Q. Re: Ending it all: Letting the primary care doctor and the oncologist know is an important step. There are therapists and chaplains who can help both of you. Reach out to support groups who might also help with finding a good therapist. I’d also encourage getting a palliative care consultation.

Keep in mind hospice care is a great Medicare benefit that can help both you and your husband. They help people stay at home rather than die in a hospital, and they can be a tremendous support to the caregiver. You can ask for a consultation from your primary M.D. And you can even “test drive” the benefit, start it and stop it if it isn’t working for you.

A: Thanks so much for the hospice recommendation. There are more options than they might originally think, in the wake of an initial diagnosis.
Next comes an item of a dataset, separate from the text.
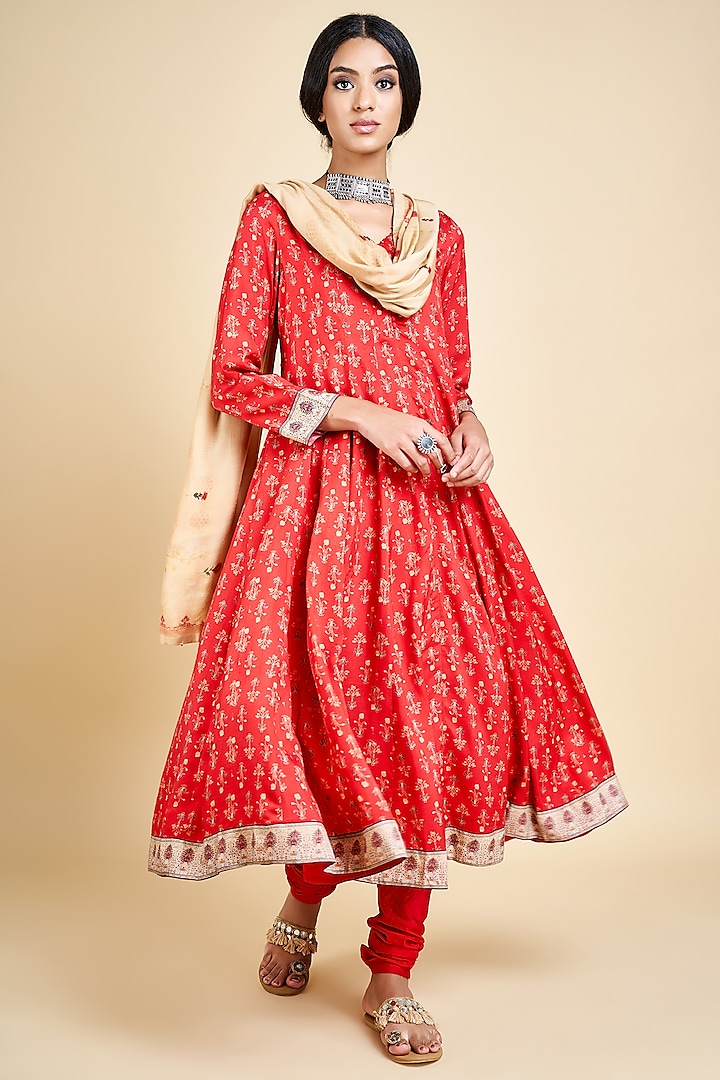 Red Printed Anarkali Set by Saundh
Q. Meeting people: I’m curious how the rest of the world goes about meeting potential dates. I’m a 30-year-old woman, and I’ve never been in a long-term relationship, largely because after college I’ve not met any single men who are also a good match for me. I’m not super shy or reclusive, but as I go about my daily life—working, running, reading—I never seem to meet anyone I would be interested in spending more time with. All the men I know are married! I’m reluctant about using online dating sites or visiting the bar scene, as it’s important to me that whomever I date share my faith. How does one go about meeting people?

A: Use an online dating site that caters to members of whatever faith you belong to—there’s one for absolutely every religion I can think of. Join the singles ministry at your church or temple, if they have one. Running and reading are both fairly solitary activities; I just Googled “[Religious group] running + California” and got about 5,000 results, so unless your religion is incredibly obscure, I’m willing to bet there are groups of people your age who share your faith and your interests.